Researchers found that pretreatment drug resistance was associated with an increased risk for regimen switching (P = .005), but the mortality rate and the incidence of new AIDS events did not significantly differ for patients with and without pretreatment drug resistance in adjusted analyses.
At 3-year follow-up, 4.1% of patients had switched to second-line therapy; of these patients, 17% had a viral load of less than 1,000 copies/mL, 6.6% had a viral load of 1,000 copies/mL or greater and no drug resistance mutations, and 43.4% had a viral load of 1,000 copies/mL or greater and one or more drug resistance mutations.

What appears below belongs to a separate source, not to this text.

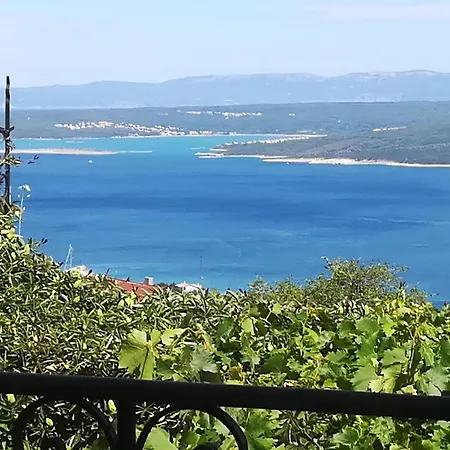 In With Sea View * 크리크베니카
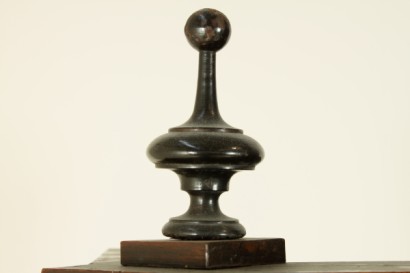 Featured, Elfenbein, Neo Gothic, Mahagoni, 800, 1800, hergestellt in Italien, #antiquariato, #librerie, #vetrine, #dimanoinmano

Researchers expressed concern that 23.6% of patients who were switched to second-line therapy had a viral load of less than 1,000 copies/mL or a viral load of 1,000 copies/mL or greater without the presence of drug resistance mutations. This finding indicated that these patients may have benefited from remaining on first-line ART.
“Unnecessary switching to more costly and toxic second-line therapy, as reported in previous studies, impairs the efficiency in the use of scarce resources available in ART programs,” the researchers wrote.
The researchers called for expanded access to second-line ART and recommended that viral load monitoring be used to improve accuracy of failure detection and efficiency of switching practices. – by Tina DiMarcantonio
Disclosure: The researchers report no relevant financial disclosures.